[ASSIGNMENT]
Up to and including the line that contains "Mænd Lilla High", return every line from the start of the data, unchanged.

[STUDY MATERIAL]
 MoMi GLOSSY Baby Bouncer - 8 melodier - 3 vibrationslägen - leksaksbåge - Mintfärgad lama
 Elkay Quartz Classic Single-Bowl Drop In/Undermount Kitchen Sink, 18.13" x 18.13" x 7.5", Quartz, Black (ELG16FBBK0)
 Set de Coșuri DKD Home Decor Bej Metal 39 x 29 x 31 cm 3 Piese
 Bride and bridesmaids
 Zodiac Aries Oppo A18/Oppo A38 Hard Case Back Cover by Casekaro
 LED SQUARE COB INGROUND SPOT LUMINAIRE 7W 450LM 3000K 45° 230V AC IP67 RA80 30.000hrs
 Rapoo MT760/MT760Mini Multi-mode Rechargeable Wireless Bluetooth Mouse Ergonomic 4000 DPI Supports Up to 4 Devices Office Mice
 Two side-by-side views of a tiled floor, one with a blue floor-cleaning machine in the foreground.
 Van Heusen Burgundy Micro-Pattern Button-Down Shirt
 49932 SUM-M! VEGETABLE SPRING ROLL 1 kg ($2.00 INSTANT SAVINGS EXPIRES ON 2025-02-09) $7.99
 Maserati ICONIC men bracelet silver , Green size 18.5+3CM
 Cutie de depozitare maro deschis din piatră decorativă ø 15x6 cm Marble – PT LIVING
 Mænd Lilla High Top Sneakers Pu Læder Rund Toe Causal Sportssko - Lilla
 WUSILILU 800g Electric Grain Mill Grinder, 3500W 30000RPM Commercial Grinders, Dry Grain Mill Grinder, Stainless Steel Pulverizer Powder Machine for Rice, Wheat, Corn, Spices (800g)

[RESPONSE TO THIS EXERCISE]
 MoMi GLOSSY Baby Bouncer - 8 melodier - 3 vibrationslägen - leksaksbåge - Mintfärgad lama
 Elkay Quartz Classic Single-Bowl Drop In/Undermount Kitchen Sink, 18.13" x 18.13" x 7.5", Quartz, Black (ELG16FBBK0)
 Set de Coșuri DKD Home Decor Bej Metal 39 x 29 x 31 cm 3 Piese
 Bride and bridesmaids
 Zodiac Aries Oppo A18/Oppo A38 Hard Case Back Cover by Casekaro
 LED SQUARE COB INGROUND SPOT LUMINAIRE 7W 450LM 3000K 45° 230V AC IP67 RA80 30.000hrs
 Rapoo MT760/MT760Mini Multi-mode Rechargeable Wireless Bluetooth Mouse Ergonomic 4000 DPI Supports Up to 4 Devices Office Mice
 Two side-by-side views of a tiled floor, one with a blue floor-cleaning machine in the foreground.
 Van Heusen Burgundy Micro-Pattern Button-Down Shirt
 49932 SUM-M! VEGETABLE SPRING ROLL 1 kg ($2.00 INSTANT SAVINGS EXPIRES ON 2025-02-09) $7.99
 Maserati ICONIC men bracelet silver , Green size 18.5+3CM
 Cutie de depozitare maro deschis din piatră decorativă ø 15x6 cm Marble – PT LIVING
 Mænd Lilla High Top Sneakers Pu Læder Rund Toe Causal Sportssko - Lilla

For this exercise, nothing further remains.